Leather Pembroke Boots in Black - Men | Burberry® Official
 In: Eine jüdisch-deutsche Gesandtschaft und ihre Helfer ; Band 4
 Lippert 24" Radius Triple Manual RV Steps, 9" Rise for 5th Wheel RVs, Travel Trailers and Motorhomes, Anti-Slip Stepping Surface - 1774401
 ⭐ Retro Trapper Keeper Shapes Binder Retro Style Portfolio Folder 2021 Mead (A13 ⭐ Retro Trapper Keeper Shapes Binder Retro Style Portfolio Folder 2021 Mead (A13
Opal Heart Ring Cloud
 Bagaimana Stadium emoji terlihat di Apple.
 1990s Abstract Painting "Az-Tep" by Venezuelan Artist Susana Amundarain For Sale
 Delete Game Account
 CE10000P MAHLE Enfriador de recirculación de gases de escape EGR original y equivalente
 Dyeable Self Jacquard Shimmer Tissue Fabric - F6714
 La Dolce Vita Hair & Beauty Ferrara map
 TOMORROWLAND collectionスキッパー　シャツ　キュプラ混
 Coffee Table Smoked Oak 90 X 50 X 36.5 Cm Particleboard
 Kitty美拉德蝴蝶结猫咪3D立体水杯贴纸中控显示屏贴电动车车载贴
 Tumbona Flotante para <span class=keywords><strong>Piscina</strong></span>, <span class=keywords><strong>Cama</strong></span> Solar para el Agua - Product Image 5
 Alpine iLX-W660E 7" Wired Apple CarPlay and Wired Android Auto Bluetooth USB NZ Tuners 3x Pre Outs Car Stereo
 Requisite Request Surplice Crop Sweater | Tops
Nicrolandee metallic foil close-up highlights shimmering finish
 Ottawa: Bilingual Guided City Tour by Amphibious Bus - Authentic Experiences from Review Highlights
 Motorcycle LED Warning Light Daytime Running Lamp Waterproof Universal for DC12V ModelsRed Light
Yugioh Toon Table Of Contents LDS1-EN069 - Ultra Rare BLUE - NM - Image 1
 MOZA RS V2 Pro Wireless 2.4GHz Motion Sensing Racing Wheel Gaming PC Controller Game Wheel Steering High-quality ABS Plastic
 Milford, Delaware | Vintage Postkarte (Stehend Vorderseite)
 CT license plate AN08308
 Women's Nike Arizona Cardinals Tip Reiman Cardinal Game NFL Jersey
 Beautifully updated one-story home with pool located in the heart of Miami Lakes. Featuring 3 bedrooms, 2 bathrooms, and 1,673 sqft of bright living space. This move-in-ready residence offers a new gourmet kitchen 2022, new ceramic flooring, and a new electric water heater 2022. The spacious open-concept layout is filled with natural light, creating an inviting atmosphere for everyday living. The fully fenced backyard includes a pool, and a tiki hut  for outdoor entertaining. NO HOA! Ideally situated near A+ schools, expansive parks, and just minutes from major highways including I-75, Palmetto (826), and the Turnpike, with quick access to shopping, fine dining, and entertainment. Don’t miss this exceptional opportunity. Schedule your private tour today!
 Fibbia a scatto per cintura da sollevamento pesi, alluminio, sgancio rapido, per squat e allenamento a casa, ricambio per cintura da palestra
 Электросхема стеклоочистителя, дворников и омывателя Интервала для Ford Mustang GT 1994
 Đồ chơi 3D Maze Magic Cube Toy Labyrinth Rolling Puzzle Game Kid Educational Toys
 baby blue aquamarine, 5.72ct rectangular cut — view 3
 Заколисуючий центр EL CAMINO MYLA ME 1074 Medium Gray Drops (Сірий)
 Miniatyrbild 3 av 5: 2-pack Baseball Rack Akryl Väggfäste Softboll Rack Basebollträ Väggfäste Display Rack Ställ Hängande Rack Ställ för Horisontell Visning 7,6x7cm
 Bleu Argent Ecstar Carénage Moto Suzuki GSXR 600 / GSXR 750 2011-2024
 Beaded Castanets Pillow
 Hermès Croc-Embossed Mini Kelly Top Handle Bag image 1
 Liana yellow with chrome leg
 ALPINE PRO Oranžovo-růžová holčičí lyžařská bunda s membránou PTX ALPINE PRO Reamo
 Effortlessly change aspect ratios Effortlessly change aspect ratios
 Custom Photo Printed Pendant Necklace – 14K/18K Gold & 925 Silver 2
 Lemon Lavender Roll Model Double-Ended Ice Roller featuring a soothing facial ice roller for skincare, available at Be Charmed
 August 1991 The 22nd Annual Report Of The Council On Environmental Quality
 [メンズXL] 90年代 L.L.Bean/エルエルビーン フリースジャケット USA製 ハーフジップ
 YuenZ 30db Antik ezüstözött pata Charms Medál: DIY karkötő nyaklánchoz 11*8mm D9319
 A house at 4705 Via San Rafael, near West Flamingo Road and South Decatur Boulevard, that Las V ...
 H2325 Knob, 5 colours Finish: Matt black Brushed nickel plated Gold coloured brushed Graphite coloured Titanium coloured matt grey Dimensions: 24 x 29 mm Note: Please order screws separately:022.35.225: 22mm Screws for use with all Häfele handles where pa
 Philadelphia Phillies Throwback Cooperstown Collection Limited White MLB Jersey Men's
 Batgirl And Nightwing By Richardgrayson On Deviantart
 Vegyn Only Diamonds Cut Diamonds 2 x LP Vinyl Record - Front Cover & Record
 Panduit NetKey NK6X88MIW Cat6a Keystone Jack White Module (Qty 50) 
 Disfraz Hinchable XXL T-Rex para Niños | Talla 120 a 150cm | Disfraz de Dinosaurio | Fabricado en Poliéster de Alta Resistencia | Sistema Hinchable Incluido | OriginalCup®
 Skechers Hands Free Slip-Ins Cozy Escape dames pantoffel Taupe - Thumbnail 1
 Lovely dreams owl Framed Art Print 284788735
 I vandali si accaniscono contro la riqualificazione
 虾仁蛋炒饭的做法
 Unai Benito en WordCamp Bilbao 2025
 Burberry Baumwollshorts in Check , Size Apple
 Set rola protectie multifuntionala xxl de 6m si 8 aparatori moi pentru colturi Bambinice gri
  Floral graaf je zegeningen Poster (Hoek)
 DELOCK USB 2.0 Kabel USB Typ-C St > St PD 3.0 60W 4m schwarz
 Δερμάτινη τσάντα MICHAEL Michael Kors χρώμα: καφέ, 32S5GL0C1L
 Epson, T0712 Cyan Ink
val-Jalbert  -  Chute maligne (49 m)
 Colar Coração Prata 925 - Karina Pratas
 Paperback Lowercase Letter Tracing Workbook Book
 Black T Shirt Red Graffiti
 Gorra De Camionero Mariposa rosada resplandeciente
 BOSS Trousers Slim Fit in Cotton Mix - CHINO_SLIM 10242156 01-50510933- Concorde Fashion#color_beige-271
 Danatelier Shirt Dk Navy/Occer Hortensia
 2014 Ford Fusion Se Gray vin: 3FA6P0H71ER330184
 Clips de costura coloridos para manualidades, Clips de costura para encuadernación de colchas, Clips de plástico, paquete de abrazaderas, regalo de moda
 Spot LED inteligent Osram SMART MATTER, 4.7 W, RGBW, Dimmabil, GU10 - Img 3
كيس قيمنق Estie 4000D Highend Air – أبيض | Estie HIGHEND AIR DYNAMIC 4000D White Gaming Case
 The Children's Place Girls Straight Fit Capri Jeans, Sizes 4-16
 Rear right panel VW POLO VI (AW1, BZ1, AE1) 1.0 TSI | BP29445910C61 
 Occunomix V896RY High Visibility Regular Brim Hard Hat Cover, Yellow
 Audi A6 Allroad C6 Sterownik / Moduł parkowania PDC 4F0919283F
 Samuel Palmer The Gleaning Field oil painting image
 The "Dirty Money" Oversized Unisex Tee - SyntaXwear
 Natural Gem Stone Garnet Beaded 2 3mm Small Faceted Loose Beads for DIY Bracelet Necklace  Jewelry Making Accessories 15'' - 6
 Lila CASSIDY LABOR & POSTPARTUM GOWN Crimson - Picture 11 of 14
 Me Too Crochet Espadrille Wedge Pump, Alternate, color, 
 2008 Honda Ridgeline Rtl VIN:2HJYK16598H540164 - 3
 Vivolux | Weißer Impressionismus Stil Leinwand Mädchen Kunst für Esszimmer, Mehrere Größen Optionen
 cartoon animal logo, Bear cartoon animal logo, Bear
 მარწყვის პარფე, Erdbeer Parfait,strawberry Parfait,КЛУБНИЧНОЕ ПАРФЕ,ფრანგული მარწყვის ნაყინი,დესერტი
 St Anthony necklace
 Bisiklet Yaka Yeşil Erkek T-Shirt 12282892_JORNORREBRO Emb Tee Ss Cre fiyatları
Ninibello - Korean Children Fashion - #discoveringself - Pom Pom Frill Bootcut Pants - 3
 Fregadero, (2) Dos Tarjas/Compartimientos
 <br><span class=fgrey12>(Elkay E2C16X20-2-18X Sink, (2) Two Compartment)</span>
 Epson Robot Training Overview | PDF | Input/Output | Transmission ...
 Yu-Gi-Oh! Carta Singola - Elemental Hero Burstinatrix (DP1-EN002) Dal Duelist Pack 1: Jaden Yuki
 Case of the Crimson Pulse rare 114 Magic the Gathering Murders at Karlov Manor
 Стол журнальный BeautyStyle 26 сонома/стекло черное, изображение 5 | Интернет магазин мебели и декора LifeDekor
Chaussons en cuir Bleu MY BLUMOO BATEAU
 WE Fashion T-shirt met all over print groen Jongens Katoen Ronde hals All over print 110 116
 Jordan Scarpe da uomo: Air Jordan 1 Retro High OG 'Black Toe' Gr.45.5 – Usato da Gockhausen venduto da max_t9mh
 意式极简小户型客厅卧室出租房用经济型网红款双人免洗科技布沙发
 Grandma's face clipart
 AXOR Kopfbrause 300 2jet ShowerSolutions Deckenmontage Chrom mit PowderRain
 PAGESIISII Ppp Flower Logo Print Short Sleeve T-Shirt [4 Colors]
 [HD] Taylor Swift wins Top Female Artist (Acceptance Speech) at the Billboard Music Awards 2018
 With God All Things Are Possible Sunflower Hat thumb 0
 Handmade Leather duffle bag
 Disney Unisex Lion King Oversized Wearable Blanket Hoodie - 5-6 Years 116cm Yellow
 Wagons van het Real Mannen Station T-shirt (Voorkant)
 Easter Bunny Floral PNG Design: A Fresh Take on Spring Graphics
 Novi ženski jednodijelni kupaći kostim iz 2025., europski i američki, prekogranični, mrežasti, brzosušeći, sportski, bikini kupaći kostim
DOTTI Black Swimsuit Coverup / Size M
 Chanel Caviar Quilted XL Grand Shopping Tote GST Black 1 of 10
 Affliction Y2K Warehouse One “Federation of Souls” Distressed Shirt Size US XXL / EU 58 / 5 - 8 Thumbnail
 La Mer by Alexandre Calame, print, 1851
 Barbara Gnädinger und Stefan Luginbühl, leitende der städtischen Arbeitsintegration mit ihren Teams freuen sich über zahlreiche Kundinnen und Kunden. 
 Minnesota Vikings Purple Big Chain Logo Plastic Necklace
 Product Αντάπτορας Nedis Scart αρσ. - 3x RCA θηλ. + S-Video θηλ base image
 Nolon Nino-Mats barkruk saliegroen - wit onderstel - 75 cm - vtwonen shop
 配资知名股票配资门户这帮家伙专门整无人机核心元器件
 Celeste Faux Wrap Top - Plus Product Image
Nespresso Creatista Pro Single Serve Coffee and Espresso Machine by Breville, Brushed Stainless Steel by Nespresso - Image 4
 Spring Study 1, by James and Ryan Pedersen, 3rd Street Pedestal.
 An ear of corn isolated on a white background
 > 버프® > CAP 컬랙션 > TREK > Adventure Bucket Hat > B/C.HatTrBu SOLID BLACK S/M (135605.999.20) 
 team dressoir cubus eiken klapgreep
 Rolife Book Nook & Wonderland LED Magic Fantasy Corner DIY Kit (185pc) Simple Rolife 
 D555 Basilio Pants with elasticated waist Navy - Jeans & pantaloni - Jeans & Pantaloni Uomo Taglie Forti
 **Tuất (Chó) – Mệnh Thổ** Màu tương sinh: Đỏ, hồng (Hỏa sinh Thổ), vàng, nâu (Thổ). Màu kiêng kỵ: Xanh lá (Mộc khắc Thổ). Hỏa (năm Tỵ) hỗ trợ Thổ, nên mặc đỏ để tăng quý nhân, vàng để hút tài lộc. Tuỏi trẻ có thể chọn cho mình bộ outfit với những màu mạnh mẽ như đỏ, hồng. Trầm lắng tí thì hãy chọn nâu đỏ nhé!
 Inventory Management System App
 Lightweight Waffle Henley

→ ACTIVITY
Up to and including the line with "Kitty美拉德蝴蝶结猫咪3D立体水杯贴纸中控显示屏贴电动车车载贴", output each line of the entries above exactly, starting from the first.

→ ANSWER TO THE PROBLEM
Leather Pembroke Boots in Black - Men | Burberry® Official
 In: Eine jüdisch-deutsche Gesandtschaft und ihre Helfer ; Band 4
 Lippert 24" Radius Triple Manual RV Steps, 9" Rise for 5th Wheel RVs, Travel Trailers and Motorhomes, Anti-Slip Stepping Surface - 1774401
 ⭐ Retro Trapper Keeper Shapes Binder Retro Style Portfolio Folder 2021 Mead (A13 ⭐ Retro Trapper Keeper Shapes Binder Retro Style Portfolio Folder 2021 Mead (A13
Opal Heart Ring Cloud
 Bagaimana Stadium emoji terlihat di Apple.
 1990s Abstract Painting "Az-Tep" by Venezuelan Artist Susana Amundarain For Sale
 Delete Game Account
 CE10000P MAHLE Enfriador de recirculación de gases de escape EGR original y equivalente
 Dyeable Self Jacquard Shimmer Tissue Fabric - F6714
 La Dolce Vita Hair & Beauty Ferrara map
 TOMORROWLAND collectionスキッパー　シャツ　キュプラ混
 Coffee Table Smoked Oak 90 X 50 X 36.5 Cm Particleboard
 Kitty美拉德蝴蝶结猫咪3D立体水杯贴纸中控显示屏贴电动车车载贴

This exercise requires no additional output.